Es cierto que la propaganda "patriótica" que realiza hoy el gobierno norteamericano hace recordar la acción psicológica utilizada en tiempos previos a las guerras más sangrientas que ha habido durante el siglo XX. La oposición interna a la intervención armada en el Medio Oriente, o donde sea que peligre la seguridad de los "intereses vitales" de la potencia hegemónica, es silenciada y acusada de traicionar los principios de la Nación.
La primera cuestión del derecho internacional es el rechazo de la guerra como instrumento idóneo para resolver los conflictos por vías pacíficas y, eventualmente, para "humanizar" la guerra. Sus resultados prácticos son discutibles. Pero el intento es necesario y urgente, a pesar de la banal hipocresía que suele ocultarse tras él. Los movimientos pacifistas, debería admitirse, no siempre han sido sinceros, ni tan ingenuamente utópicos como se presumiría. En estos días, en los foros y manifestaciones que se multiplican, algunas declaraciones seudo izquierdistas son contradictorias. No creo en quienes esgrimen la paz para llamar a la guerra contra los agresores "yanquis".

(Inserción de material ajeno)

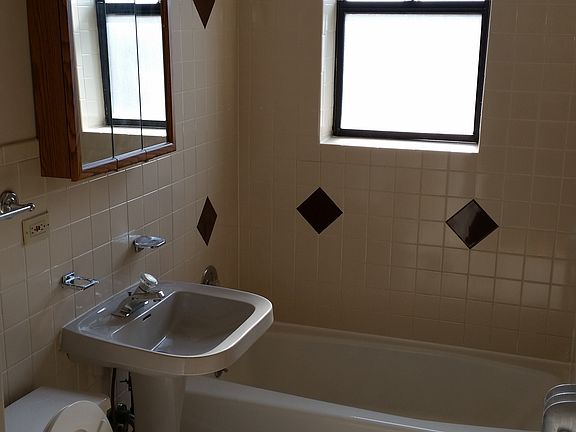 5th image of 7239 S Jeffery Blvd APT 1D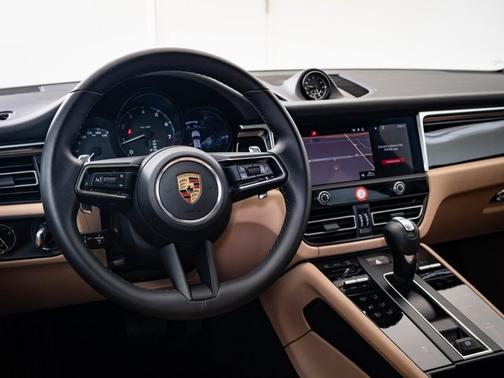 2024 Porsche Macan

Sin embargo, el único instrumento válido para una paz duradera y justa es una moral universal que sacralice a los hombres y a los pueblos y enjuicie a la guerra como un mal absoluto, pero evitable. Aunque pueda ser tachado de idealismo utópico, el principismo pacifista es quizá el único posible. Pero más allá de su escasa capacidad de éxito inmediato, será más esperanzador si instruye un compromiso individual y colectivo de una cultura humanista de trabajar "para la paz". Ello implica una perseverancia, hasta la obcecación voluntarista, aun en el marco de un pesimismo que no deje de ser activo, o de un optimismo relativizado por los datos fácticos del mundo tal como es, y no como quisiéramos que fuera. Claro está que trabajar "para" la paz exige la eliminación de las condiciones económicas, sociales y culturales que la imposibilitan. Y en esto todos los gobiernos, aun los más pobres y menos influyentes, incluyendo el torpe y debilitado que hoy padecemos los argentinos, deberían pronunciarse con el coraje idealista de quien tiene razones y no meramente el mezquino cálculo del acomodamiento con el más poderoso. La Argentina tiene una noble tradición que, aunque ya lejana en el tiempo, deberíamos reivindicar.